## Task details
Exclude the pictures, then repeat exactly each line from the one containing "400 S Main Street Property Photo 1" to the final line of the records that follow.

Stored records
=====

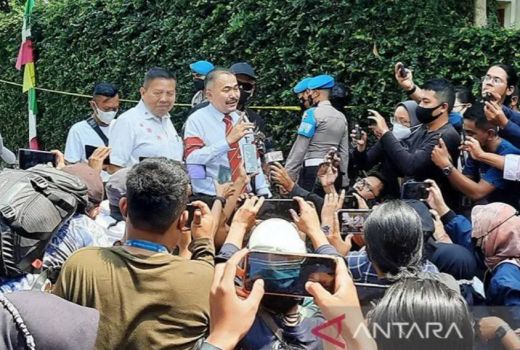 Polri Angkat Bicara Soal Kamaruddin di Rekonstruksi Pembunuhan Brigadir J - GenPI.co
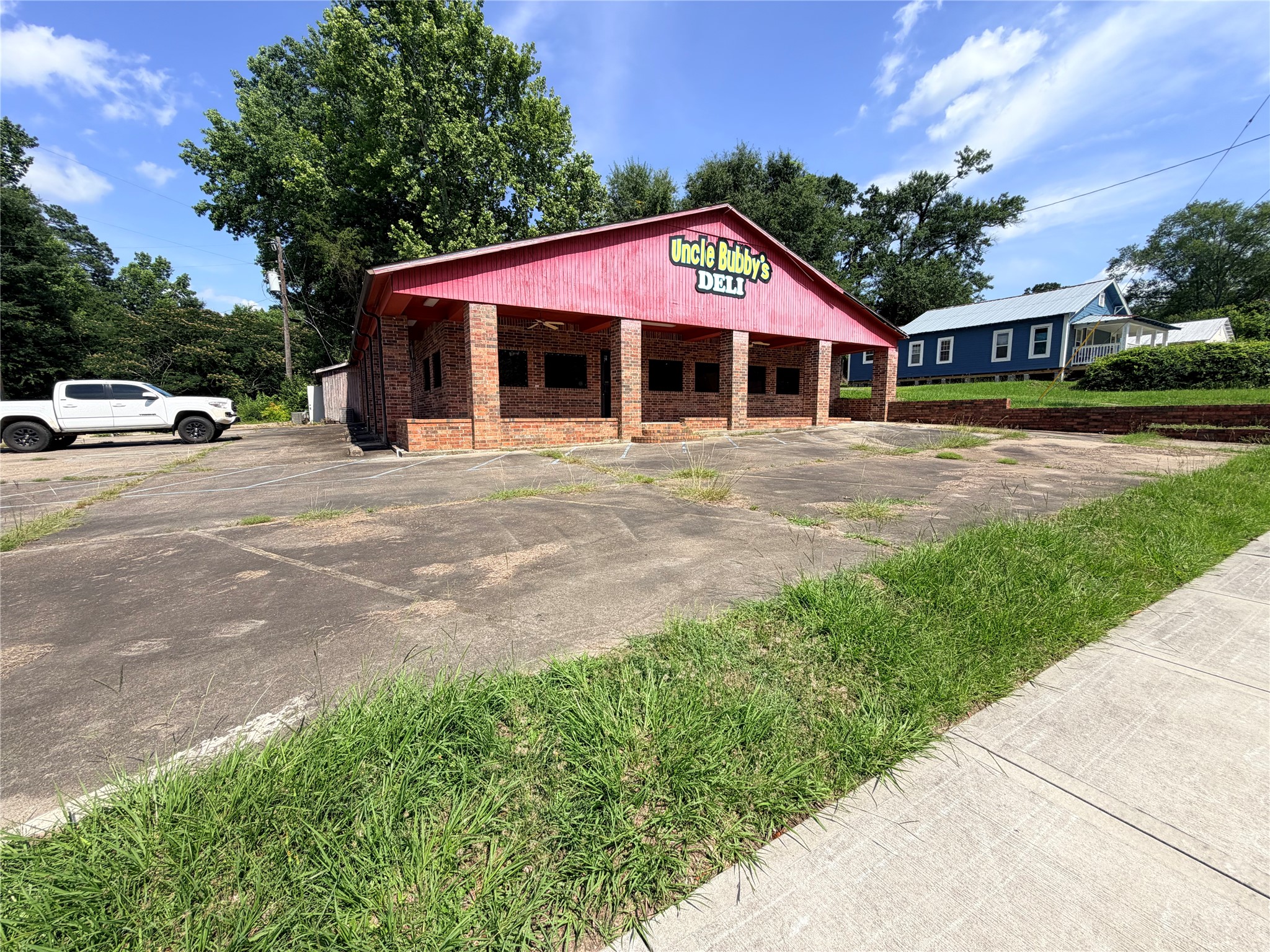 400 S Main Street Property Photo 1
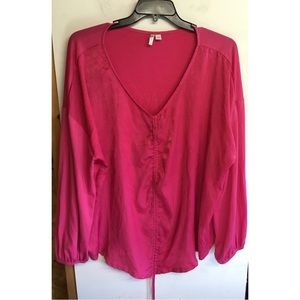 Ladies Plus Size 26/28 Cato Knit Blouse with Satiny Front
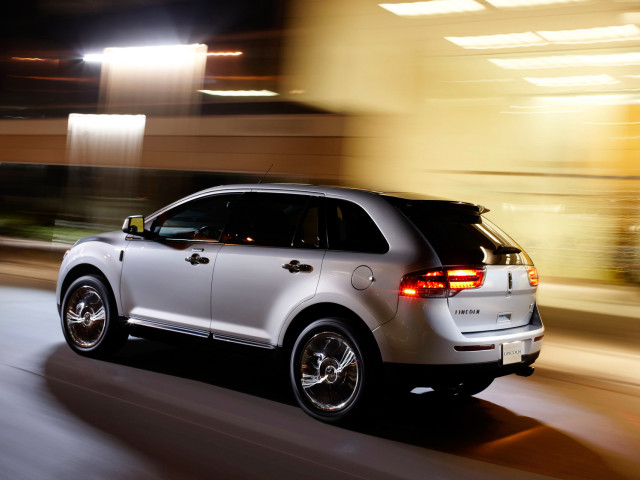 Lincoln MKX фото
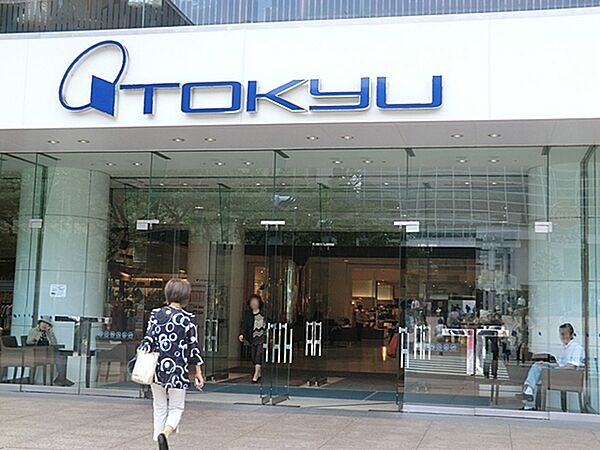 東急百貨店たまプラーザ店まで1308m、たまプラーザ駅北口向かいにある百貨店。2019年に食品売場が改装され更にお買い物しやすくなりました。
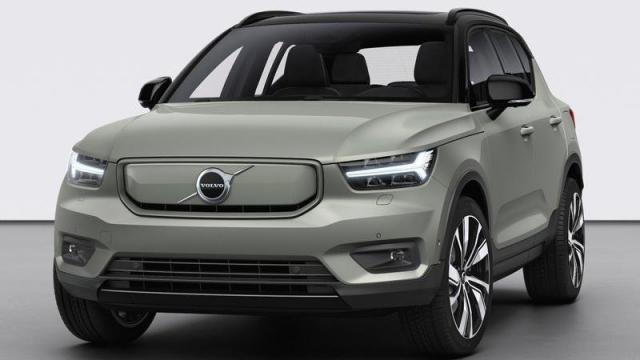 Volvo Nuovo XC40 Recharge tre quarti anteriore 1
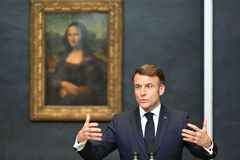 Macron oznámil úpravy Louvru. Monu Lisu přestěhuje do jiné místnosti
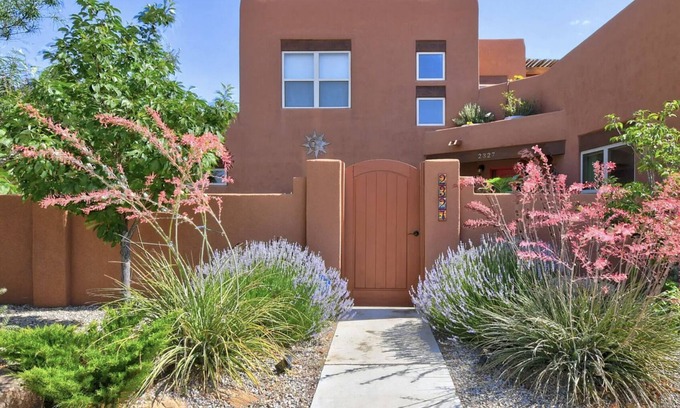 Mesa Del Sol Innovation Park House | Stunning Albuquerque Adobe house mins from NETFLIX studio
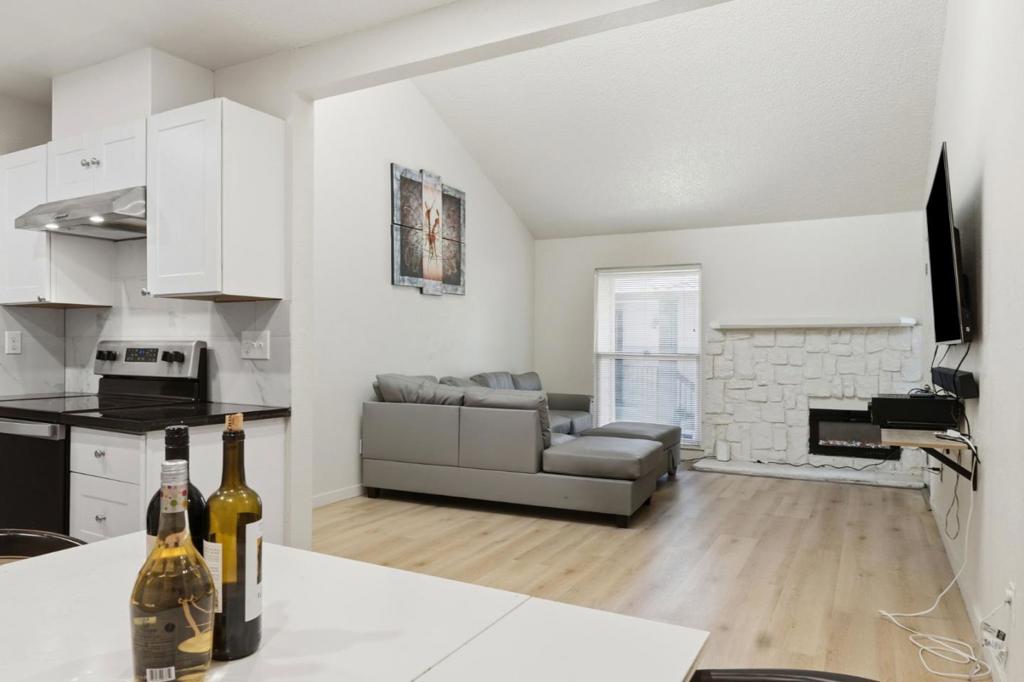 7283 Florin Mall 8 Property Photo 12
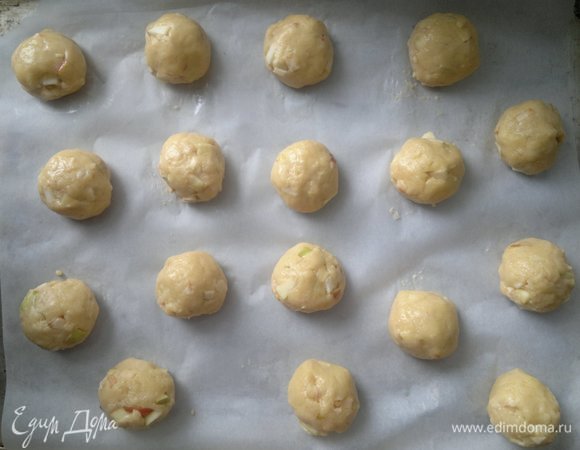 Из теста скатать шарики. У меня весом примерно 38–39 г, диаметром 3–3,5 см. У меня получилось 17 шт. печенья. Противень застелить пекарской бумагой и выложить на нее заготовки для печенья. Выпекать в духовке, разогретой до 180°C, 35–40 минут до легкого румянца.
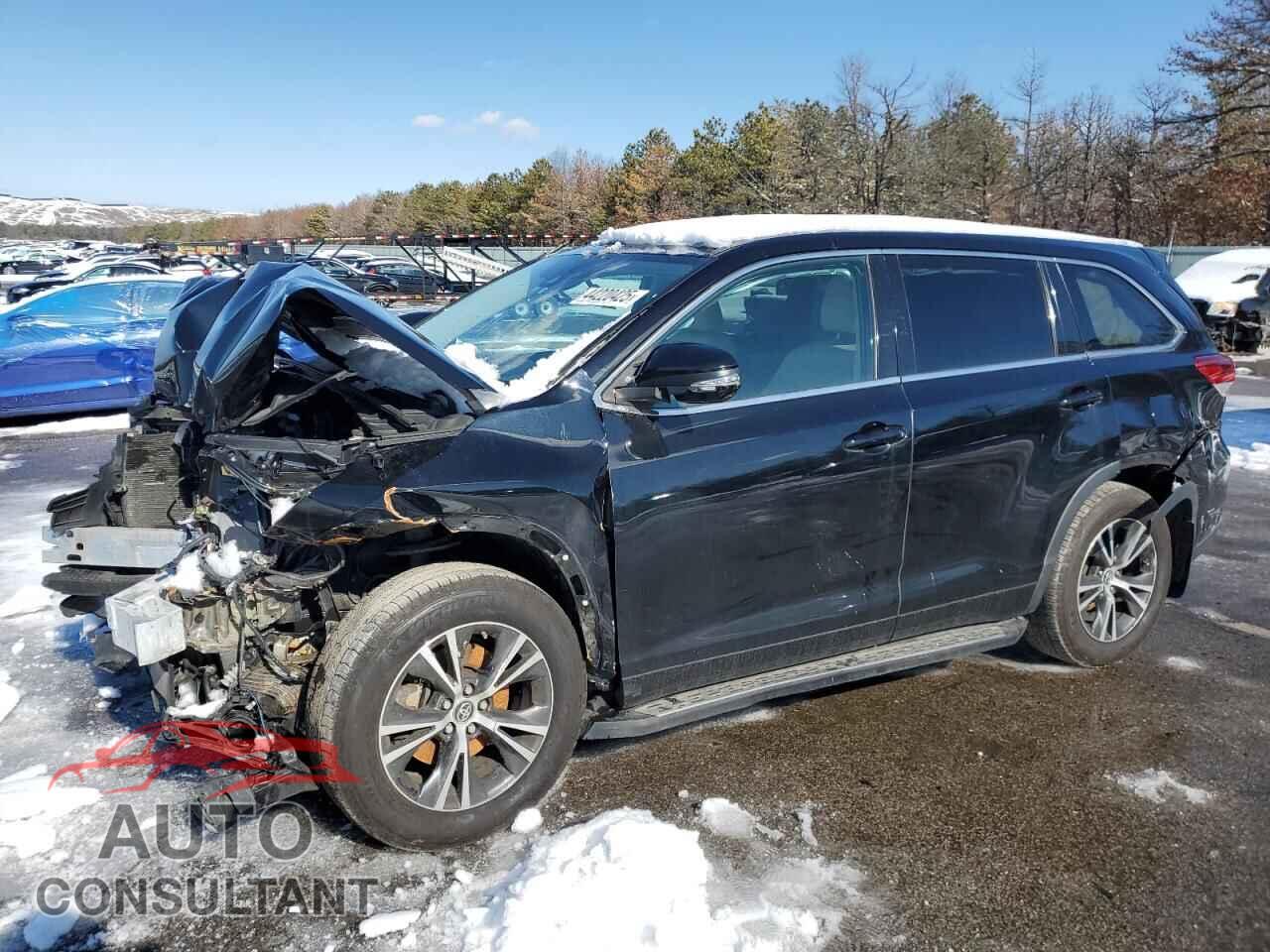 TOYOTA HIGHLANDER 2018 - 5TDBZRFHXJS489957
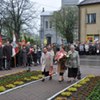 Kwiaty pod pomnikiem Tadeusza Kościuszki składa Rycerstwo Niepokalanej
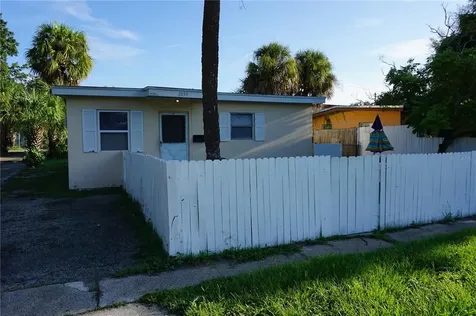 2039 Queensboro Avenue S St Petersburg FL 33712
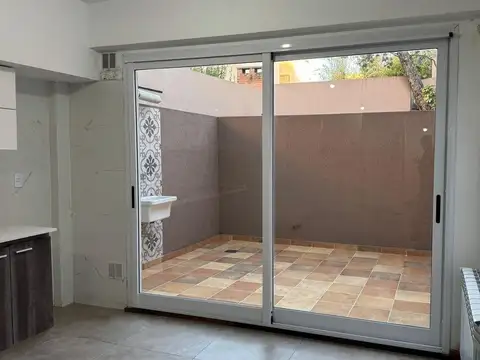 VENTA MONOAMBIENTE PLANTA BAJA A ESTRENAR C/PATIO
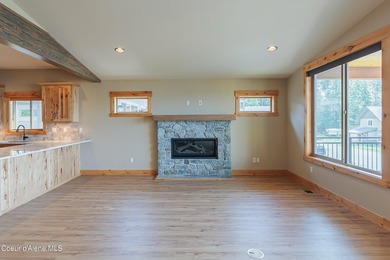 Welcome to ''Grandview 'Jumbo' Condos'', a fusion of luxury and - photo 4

=====

## Task response
 400 S Main Street Property Photo 1
 Ladies Plus Size 26/28 Cato Knit Blouse with Satiny Front
 Lincoln MKX фото
 東急百貨店たまプラーザ店まで1308m、たまプラーザ駅北口向かいにある百貨店。2019年に食品売場が改装され更にお買い物しやすくなりました。
 Volvo Nuovo XC40 Recharge tre quarti anteriore 1
 Macron oznámil úpravy Louvru. Monu Lisu přestěhuje do jiné místnosti
 Mesa Del Sol Innovation Park House | Stunning Albuquerque Adobe house mins from NETFLIX studio
 7283 Florin Mall 8 Property Photo 12
 Из теста скатать шарики. У меня весом примерно 38–39 г, диаметром 3–3,5 см. У меня получилось 17 шт. печенья. Противень застелить пекарской бумагой и выложить на нее заготовки для печенья. Выпекать в духовке, разогретой до 180°C, 35–40 минут до легкого румянца.
 TOYOTA HIGHLANDER 2018 - 5TDBZRFHXJS489957
 Kwiaty pod pomnikiem Tadeusza Kościuszki składa Rycerstwo Niepokalanej
 2039 Queensboro Avenue S St Petersburg FL 33712
 VENTA MONOAMBIENTE PLANTA BAJA A ESTRENAR C/PATIO
 Welcome to ''Grandview 'Jumbo' Condos'', a fusion of luxury and - photo 4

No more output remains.